The DIA servers are well-suited to host a number of industry data loading tools. These tools perform the tasks of Extract, Transform, and Load (ETL) of source data into Greenplum databases and data warehouses.
Informatica™ is a popular ETL tool. A large percentage of EMC’s customers are Informatica users. The DIA servers serves as the Integration service servers (RedHat Linux hosts.)
Installing Informatica on a DIA server
Before installing Informatica on a DIA server, install the Informatica Repository server, or take note of an existing one. Install Informatica on the DIA by logging into the DIA host as root or gpadmin. Inflate the zip file by using gunzip, and run the install.sh script. Follow the on-screen prompt and complete the installation process.
When asked if you want to create a new Domain, or join an existing Domain, join the existing domain created on the Repository server.
When the install script is done, go to the Repository server, and start the Administrator’s web console. You should be able to add the new Integration server you have just installed (on the DIA server) to the Domain.
Installing Informatica Integration Services for Windows
In the previous section, we took advantage of the DIA servers being RedHat Linux Servers, and installed the Linux version of Informatica Integration service. If a
customer would like to use the Windows version of Informatica Integration service, he or she can do so, but will first have to install Windows operating systems over the RedHat Linux operating system.

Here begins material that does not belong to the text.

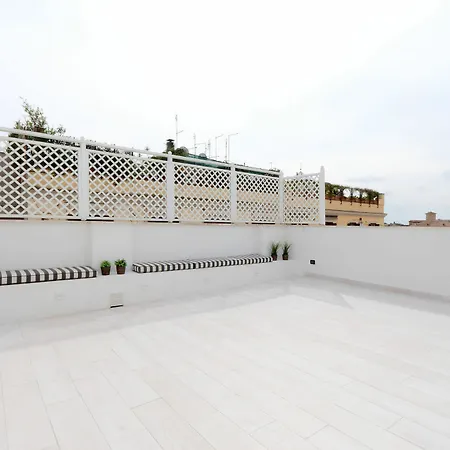 Monti Apartments - My Extra Home Rom Exterior foto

After the Windows operating systems is installed on the DIA server, the installing of the Informatica Integration carries on as usual, and should be added to the
Informatica domain as described above.
For Windows users, you will have to install the Greenplum loaders package to include the gpfdist utility, and also install the Python language. Python is an open
source software that can be downloaded freely from the Internet. Currently, version 2.6 and above should work well for GPDB 22.214.171.124 and above. For older
versions of the GPDB, you may wish to check the Greenplum Database Administrator’s Guide or try version 2.5.4.